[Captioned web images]
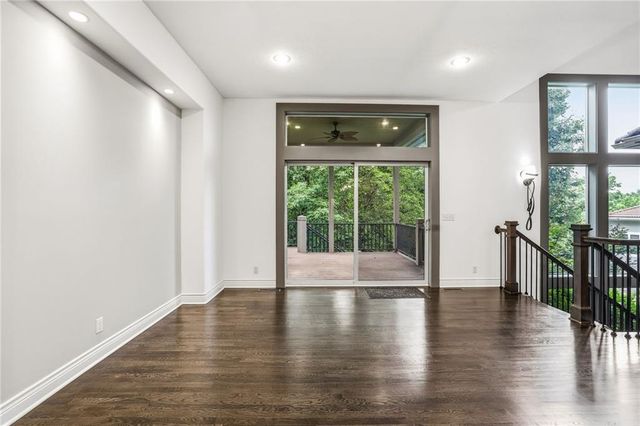 6119 Southlake Drive, Parkville, MO 64152
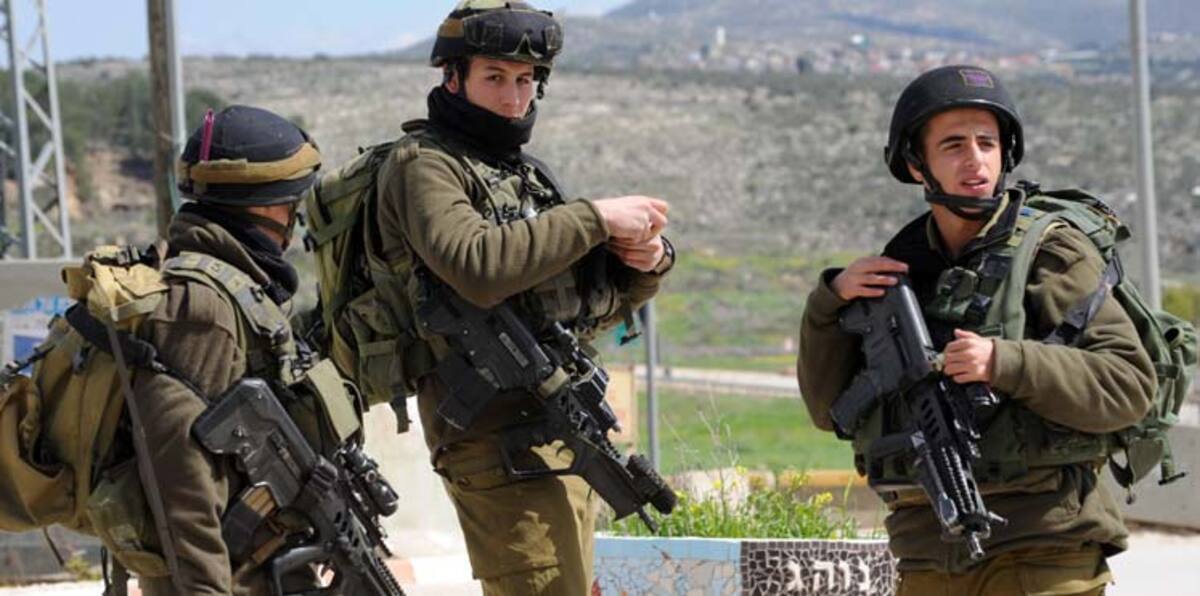 الجيش الإسرائيلي يقرر إبقاء السلاح مع جنوده أثناء الإجازات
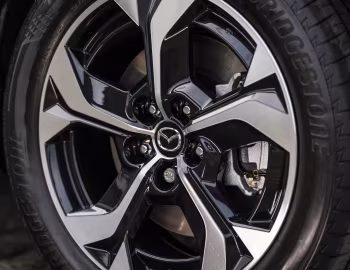Mazda MX-30 e-Skyactiv R-EV Exclusive-Line [UK-spec] '2023–pr.
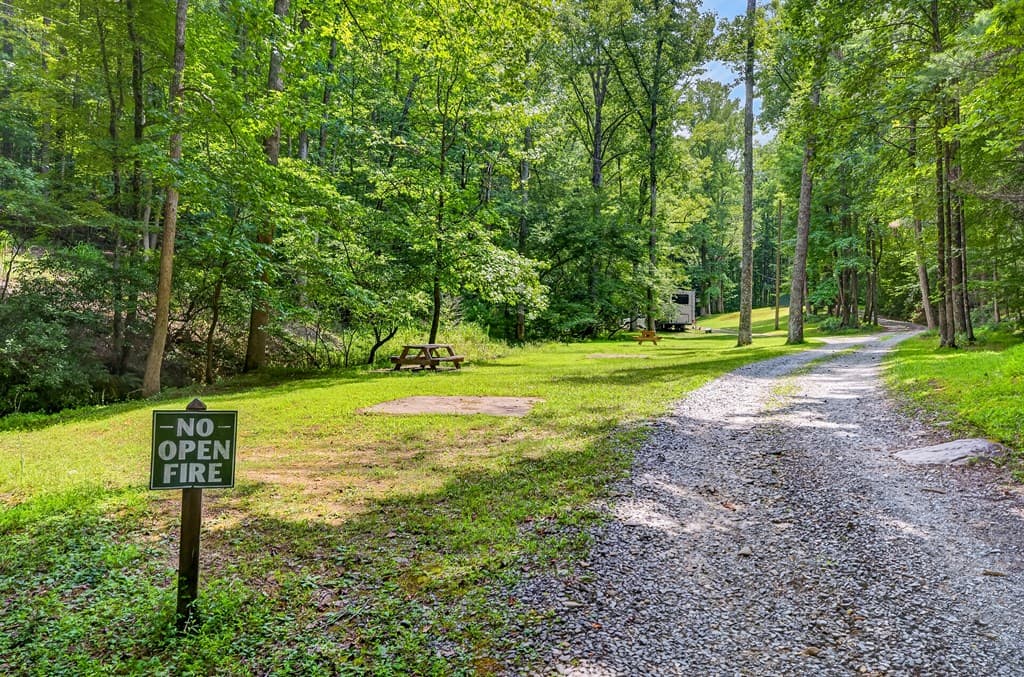 986 Mountain Oak Road, Ellijay GA 30536 - Photo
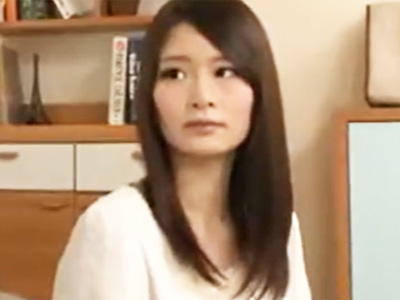 教え子に優しくしてたら勘違いされて中出しレイプされた美人家庭教師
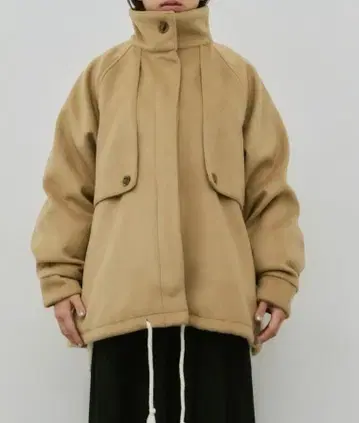 Libra Cue 플라이 요크 숏코트 베이지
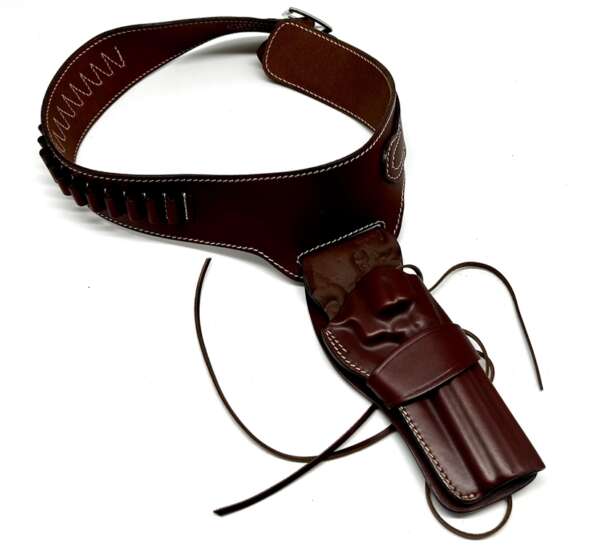 Cinturone Vega cuoio western con fondina per revolver 44 magnum da sei pollici e mezzo 1CA51 - S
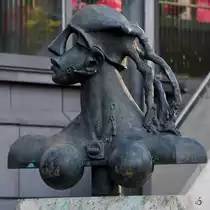 Eine gew�hnungsbed�rftige B�ste, so gesehen Mitte September 2019 in Stuttgart.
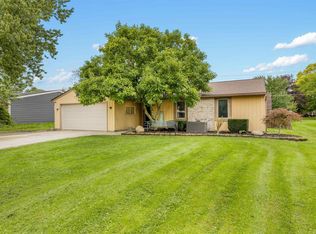 1305 Culbertson Ct, Auburn, IN 46706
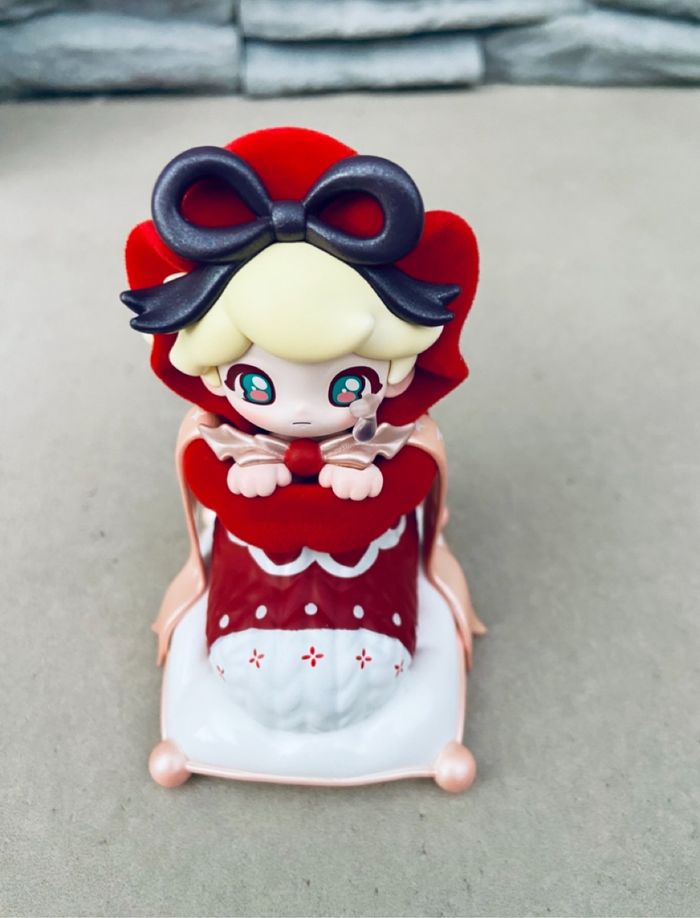 Pop Mart Azura Warm Christmas -  Soft Christmas Stocking - photo numéro 3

Instructions for the task:
An exact copy of the entries, minus the pictures, is what to return.

Solution to the problem:
 6119 Southlake Drive, Parkville, MO 64152
 الجيش الإسرائيلي يقرر إبقاء السلاح مع جنوده أثناء الإجازات
Mazda MX-30 e-Skyactiv R-EV Exclusive-Line [UK-spec] '2023–pr.
 986 Mountain Oak Road, Ellijay GA 30536 - Photo
 教え子に優しくしてたら勘違いされて中出しレイプされた美人家庭教師
 Libra Cue 플라이 요크 숏코트 베이지
 Cinturone Vega cuoio western con fondina per revolver 44 magnum da sei pollici e mezzo 1CA51 - S
 Eine gew�hnungsbed�rftige B�ste, so gesehen Mitte September 2019 in Stuttgart.
 1305 Culbertson Ct, Auburn, IN 46706
 Pop Mart Azura Warm Christmas -  Soft Christmas Stocking - photo numéro 3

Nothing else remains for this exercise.